A few weeks ago I ran into an old friend. Someone with whom I had lost contact more than 17 years ago.
I didn’t actually run into her, not in the literal sense of going into your neighbourhood grocery store, seeing a familiar face from your past, stalking them across the aisles while constantly asking yourself “is it/isn’t it?” And then finally plucking up the courage to go up to them and ask, somewhat sheepishly, “are you…”, all the while praying that they are who you think they are while rehearsing your retreat if they turn out not to be good ol’ what’s-his-face.
And then when it turns out that they are, in fact, exactly who you imagined them to be, you spend the next seven minutes excitedly hugging them with the passion usually reserved for the reunion with your twin from whom you were separated at birth.
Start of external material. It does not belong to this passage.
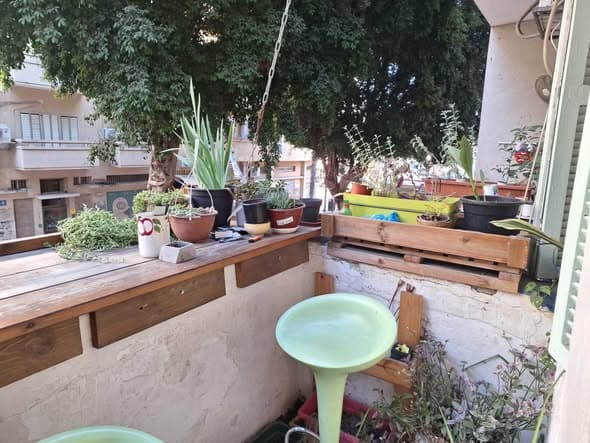 2 room rental in Florentin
No, this was a different kind of running into. This thing called the Internet did all the work and by chance it provided me with an e-mail address to which I fired off a message saying mundane things like “I sure hope you are who I think you are.”
To my pleasant surprise I received a reply telling me that she is exactly who I thought and that we should chat on the phone some time.
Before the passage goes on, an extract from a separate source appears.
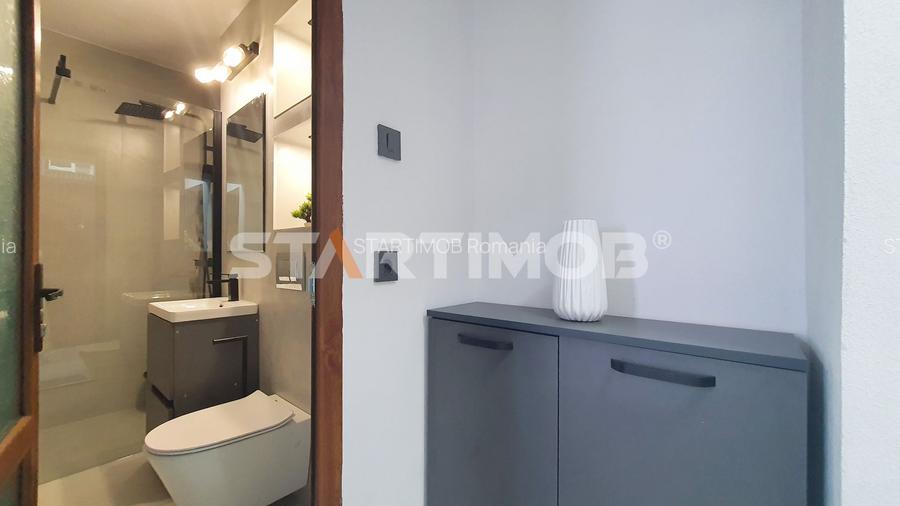 Garsoniera renovata zona ITC - Vlahuta - 29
I waited a few minutes, enough to allow “some time” to pass and then I picked up the phone and called not quite knowing what one says to someone after a 17 year hiatus.
And it was a magical moment. The strands of friendship quickly reconnected and, while our lives have gone in very different directions over these 17 years, just the act of getting caught up, revisiting history, inquiring after others who neither of us have seen over this time period and becoming current in where our lives are today was a wonderful, heart-warming and highly enjoyable experience.
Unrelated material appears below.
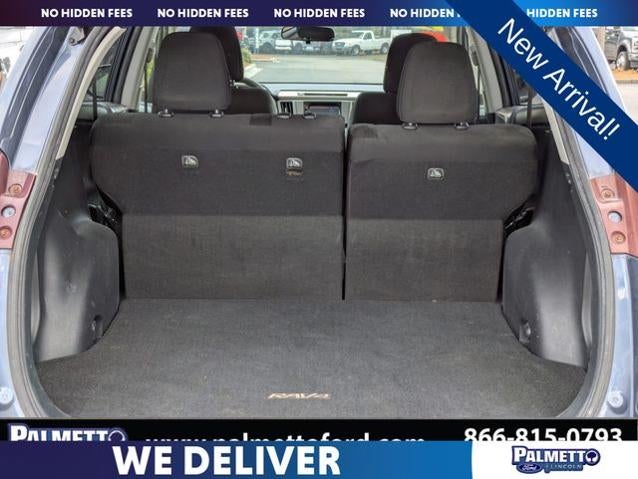 2014 Toyota RAV4 XLE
We live far apart, in different cities, and may never see each other again yet we ended the conversation with an agreement to stay in touch a few times each year because for both of us the enjoyment of the conversation will be worth repeating at least that often.
And then, believe it or not, the Internet did it again. This thing called Face Link for Twits contacted me to say that an old school friend from a previous century had found me, was following me, wanted to be my friend and was inviting me to get connected.
And so we did. And while I have not thought of him in many, many years I now know that he lives in Brisbane, has two grown kids, three grandchildren and a dog named Hound. Oh, and a wife named Sarah to whom he has been married for many years.
I learned more about him, and have spent more time interacting with him, than I recall ever doing all those years ago when we were attending the same school.
And I really am glad that he took the time to contact me. It is such a good feeling to bring old friends back into your life and while the relationship with them may always be long-distance, the feelings of rekindled friendships transcend large geographic spaces.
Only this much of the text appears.